Mar 13 - Ref Counting Latency Comments

To wrap up this series on Toccata’s memory managment, we turn to latency.

A different kind of post

This post is going to be different in that it’s more hypothetical, as I don’t have time to make sure all the code works and post actual results. Though I might be talked into it if someone wanted that.

Collecting memory that’s no longer used takes time. One of the reasons I wanted to do reference counting for Toccata is to eliminate instances where your program just stops while the collector does it’s work. I’m aware there are schemes which can reduce greatly (almost to the point of elimination) these pauses. But I figured ref counting would be better given the way memory is used in Toccata.

The ‘latency’ of an operation is the measure of this overhead and there are multiple ways to look at this statistic. In a lot of cases, it’s sufficient to just have a low average latency even if occasionally there’s a really long one. However, many times, the worst case latency must absolutely be kept below a certain number so that no user ever sees too long of a delay.

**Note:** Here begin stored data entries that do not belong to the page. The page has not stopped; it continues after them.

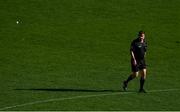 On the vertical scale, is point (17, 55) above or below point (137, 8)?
below

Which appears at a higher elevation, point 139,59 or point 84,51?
point 84,51

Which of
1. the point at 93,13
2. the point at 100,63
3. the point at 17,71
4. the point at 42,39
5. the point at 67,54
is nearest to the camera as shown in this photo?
the point at 17,71

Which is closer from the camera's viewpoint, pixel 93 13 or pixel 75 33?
pixel 75 33

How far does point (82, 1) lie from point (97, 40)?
8.37 metres

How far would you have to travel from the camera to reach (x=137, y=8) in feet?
156

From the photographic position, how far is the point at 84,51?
38000 millimetres

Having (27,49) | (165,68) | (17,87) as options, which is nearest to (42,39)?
(27,49)

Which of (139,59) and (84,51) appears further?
(84,51)

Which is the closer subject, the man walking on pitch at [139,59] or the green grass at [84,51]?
the green grass at [84,51]

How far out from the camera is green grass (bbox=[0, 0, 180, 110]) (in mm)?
24891

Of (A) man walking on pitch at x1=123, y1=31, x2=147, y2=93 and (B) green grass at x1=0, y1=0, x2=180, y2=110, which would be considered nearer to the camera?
(B) green grass at x1=0, y1=0, x2=180, y2=110

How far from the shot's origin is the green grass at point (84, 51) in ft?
81.7

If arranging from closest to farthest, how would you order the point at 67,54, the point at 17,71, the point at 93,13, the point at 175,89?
the point at 175,89, the point at 17,71, the point at 67,54, the point at 93,13

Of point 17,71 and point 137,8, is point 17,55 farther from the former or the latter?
point 137,8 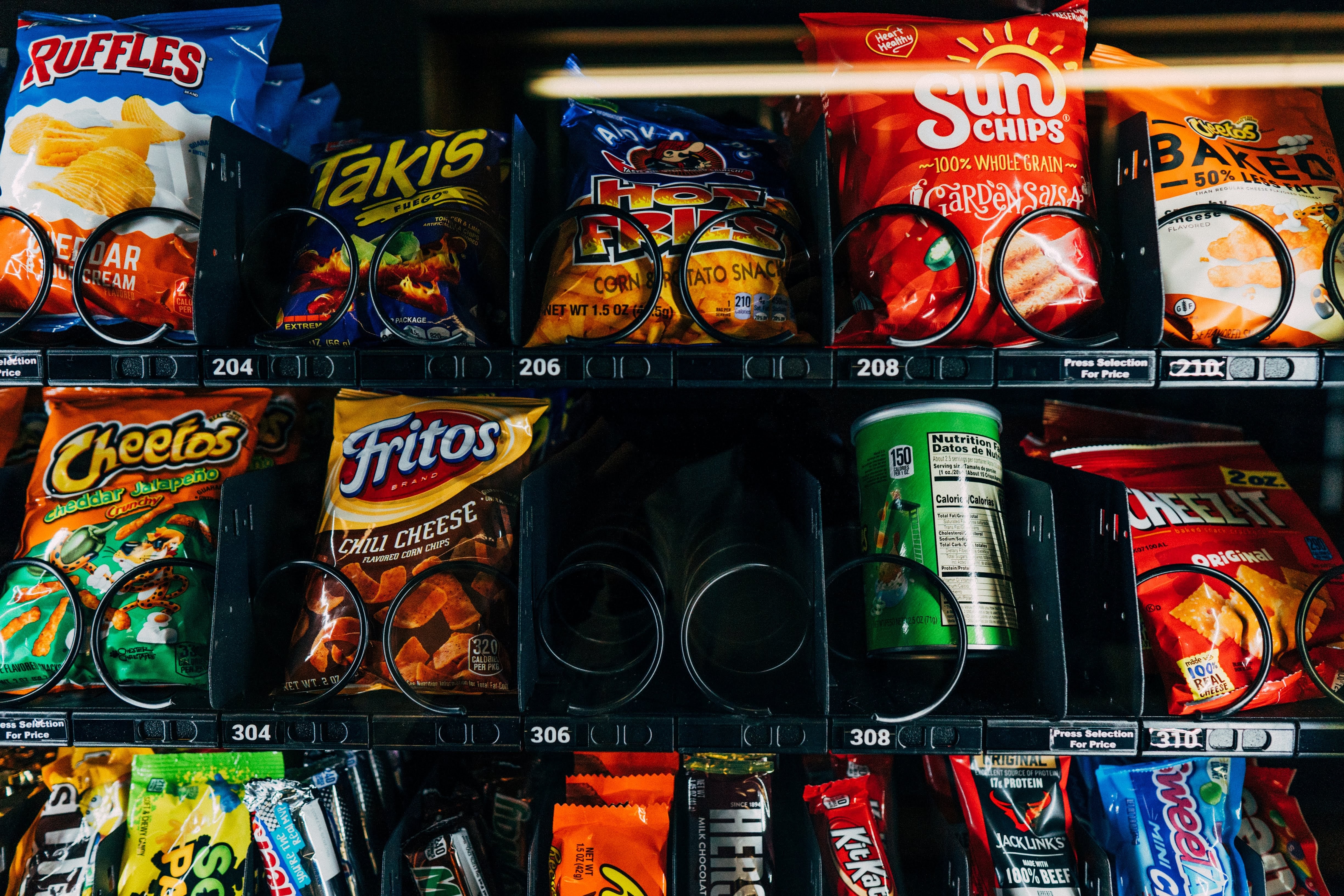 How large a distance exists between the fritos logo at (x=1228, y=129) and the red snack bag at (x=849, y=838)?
902 mm

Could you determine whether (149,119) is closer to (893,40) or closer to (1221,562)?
(893,40)

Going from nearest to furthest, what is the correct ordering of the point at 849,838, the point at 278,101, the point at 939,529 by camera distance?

This project purports to compare the latencies of various languages. It hasn’t been updated in some time, so the results aren’t valid anymore. However, the benchmark is interesting. It involves a process that listens for TCP connections. When it gets one, it allocates a 1K buffer and initializes all the bytes in it to a given value. Then it puts that value in a hash-table that has up to 250K entries, evicting an old value if needed.

And now, Toccata

How might this be done in Toccata?

(defn allocate-buffer [value]
  (inline C "
  // some awesome C code

(defn handle-connection [socket hm index]
  (let [new-connection (extract socket)
        new-index (either (< (inc index) 250000)
        new-hm (assoc hm index (allocate-buffer 89))]
    (send new-connection "200 OK\n")
    (handle-connection socket new-hm new-index)))

(main [_]
  (handle-connection (tcp/listen 8080)

This is just an infinite loop that does the deed for each connection that comes in and a main to kick things off.

Under the covers

The only interesing bit is what happens in that call to assoc. Hash maps are trees of internal data structures (with 32-way branching). The key value, index, gets hashed (but since it’s already a number, it’s just used as is) and then 5 bits are used at each level to determine which branch to take. When a leaf position is reached, the tree node containing that position is copied with tne new value being added (or replacing an existing leaf). And then all the nodes back up to the root get copied with new entries for the sub trees.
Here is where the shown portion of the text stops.